The Time for Choosing Approaches

About two weeks ago, I was skimming some material on cargo cult science to prepare a facetious argument on the appropriation of Western Culture, and came across one of those interesting footnotes of history: specifically, the Sokal Affair. This led to a spate of curious clicking, and led me to some interesting thoughts about the future of Leftism.

To summarize briefly for those too lazy to click the link, in 1996 Alan Sokal, an NYU physicist, submitted an outright silly paper to the journal Social Text, purporting that quantum gravity is a social and linguistic construct. There are some allegations that this was not done in good faith (I should hope not!), but the fact that Social Text ran it was pretty alarming even so. Sokal contends that this an example of a larger trend in academia, particularly the liberal arts and humanities, to ignore the fundamental teachings of hard science in favor of their own pet navel gazing fantasies theories, postmodernism and the like being particularly problematic.

This raises larger questions about the Academic Left (their terms, not mine), particularly about their understanding of reality (or lack thereof). When the "intellectuals" who have significant influence in the formative years of a large segment of the electorate can't distinguish between fact and fantasy, it makes one sit up and notice. In particular, the left-leaning academics who can make the distinction (scientists in particular) were quite vocal in their concern.

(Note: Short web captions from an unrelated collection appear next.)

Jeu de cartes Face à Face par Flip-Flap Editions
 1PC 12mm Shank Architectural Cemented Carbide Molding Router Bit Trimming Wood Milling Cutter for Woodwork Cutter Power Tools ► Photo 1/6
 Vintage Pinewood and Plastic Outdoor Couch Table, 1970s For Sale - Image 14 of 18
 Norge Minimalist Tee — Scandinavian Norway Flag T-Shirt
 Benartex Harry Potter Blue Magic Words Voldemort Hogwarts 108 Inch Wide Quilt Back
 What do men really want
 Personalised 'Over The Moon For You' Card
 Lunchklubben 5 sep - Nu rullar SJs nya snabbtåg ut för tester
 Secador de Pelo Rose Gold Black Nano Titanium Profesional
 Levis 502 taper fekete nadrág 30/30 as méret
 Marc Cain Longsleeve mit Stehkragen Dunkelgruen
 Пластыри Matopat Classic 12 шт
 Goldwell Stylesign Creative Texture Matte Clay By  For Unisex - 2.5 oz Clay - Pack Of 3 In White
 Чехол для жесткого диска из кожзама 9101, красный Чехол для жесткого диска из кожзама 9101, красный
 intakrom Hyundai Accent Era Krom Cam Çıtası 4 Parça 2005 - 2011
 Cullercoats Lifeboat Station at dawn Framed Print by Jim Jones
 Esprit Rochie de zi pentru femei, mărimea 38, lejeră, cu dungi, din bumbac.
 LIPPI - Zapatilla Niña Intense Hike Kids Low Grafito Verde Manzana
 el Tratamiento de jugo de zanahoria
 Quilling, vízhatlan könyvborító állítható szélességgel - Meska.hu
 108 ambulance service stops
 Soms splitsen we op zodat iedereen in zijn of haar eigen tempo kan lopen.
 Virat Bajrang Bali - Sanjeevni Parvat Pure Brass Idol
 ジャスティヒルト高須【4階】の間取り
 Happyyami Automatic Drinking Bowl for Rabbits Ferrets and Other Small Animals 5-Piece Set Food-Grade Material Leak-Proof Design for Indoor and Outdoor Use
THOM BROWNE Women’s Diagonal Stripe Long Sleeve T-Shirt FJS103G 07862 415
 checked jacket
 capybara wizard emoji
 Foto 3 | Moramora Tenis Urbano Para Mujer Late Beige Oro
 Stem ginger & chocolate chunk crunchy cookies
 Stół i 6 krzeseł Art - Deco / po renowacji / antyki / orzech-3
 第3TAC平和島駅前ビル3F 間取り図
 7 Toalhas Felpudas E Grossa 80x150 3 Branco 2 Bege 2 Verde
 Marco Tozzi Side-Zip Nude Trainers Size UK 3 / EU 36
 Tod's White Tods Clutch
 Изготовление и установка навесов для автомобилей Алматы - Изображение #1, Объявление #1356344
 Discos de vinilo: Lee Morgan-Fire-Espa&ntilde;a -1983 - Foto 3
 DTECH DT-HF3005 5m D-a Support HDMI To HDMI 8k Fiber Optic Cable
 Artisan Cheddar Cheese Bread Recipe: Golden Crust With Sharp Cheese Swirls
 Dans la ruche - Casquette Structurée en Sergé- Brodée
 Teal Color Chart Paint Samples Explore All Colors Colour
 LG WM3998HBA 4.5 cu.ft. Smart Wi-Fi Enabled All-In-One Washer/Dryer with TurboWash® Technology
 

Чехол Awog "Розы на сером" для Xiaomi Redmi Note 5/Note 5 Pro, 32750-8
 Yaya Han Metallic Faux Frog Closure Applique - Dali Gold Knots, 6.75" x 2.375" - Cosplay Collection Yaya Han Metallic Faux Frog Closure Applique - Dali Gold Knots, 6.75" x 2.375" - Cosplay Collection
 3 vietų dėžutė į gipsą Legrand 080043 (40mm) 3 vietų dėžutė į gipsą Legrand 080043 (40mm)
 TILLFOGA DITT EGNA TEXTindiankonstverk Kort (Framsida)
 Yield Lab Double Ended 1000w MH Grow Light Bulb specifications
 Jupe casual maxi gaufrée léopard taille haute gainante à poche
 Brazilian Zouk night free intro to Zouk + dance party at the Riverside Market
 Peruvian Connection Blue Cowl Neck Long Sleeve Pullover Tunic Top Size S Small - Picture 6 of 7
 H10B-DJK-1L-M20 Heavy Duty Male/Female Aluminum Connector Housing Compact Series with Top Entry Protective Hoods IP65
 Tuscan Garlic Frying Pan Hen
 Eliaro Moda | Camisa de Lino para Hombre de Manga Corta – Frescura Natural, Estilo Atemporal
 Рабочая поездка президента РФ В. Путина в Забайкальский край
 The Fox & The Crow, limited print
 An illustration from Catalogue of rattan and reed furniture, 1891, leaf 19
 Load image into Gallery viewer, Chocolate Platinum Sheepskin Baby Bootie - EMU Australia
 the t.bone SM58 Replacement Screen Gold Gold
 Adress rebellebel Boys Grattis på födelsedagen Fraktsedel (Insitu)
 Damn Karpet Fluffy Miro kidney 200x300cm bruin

On this issue, at least, I agree with them. At risk of sounding pedantic, there is a large segment of academia verily seeped in mysticism. Postmodernists, linguistic analysts, and whatever other groups advocating half-baked pseudo-theories are almost always quite literally beyond the reach reason. Their beliefs, based in feeling rather than fact, are almost religiously sacrosanct, and cannot be refuted by scientific or logical argument. Individually they are harmless, but the madness of the 1960s and 1970s suggests that together they have the potential to wreak incredible havoc.

I could argue that this is to be expected of leftism, and to an extent it is, but that overlooks the reasonable leftists, such as Sokal. While they are largely mistaken in their political beliefs, their implicit acceptance of reason means they are at least potentially salvageable. I think there is a major divide in leftist thought, soothed over but still there, between the thinking leftists and the feeling ones. And I think this divide is eventually going to break.

Ultimately, the thinking leftists are going to have to make a choice: do they accept the facts (that socialism has proven itself a failure, that free markets work better than mixed markets, that personal freedom also requires personal responsibility) or follow others' feelings, back into the world of violent revolution, pseudoscientific mysticism, and the eventual collapse into looting thuggery? Which is it going to be? We'll have to wait to find out.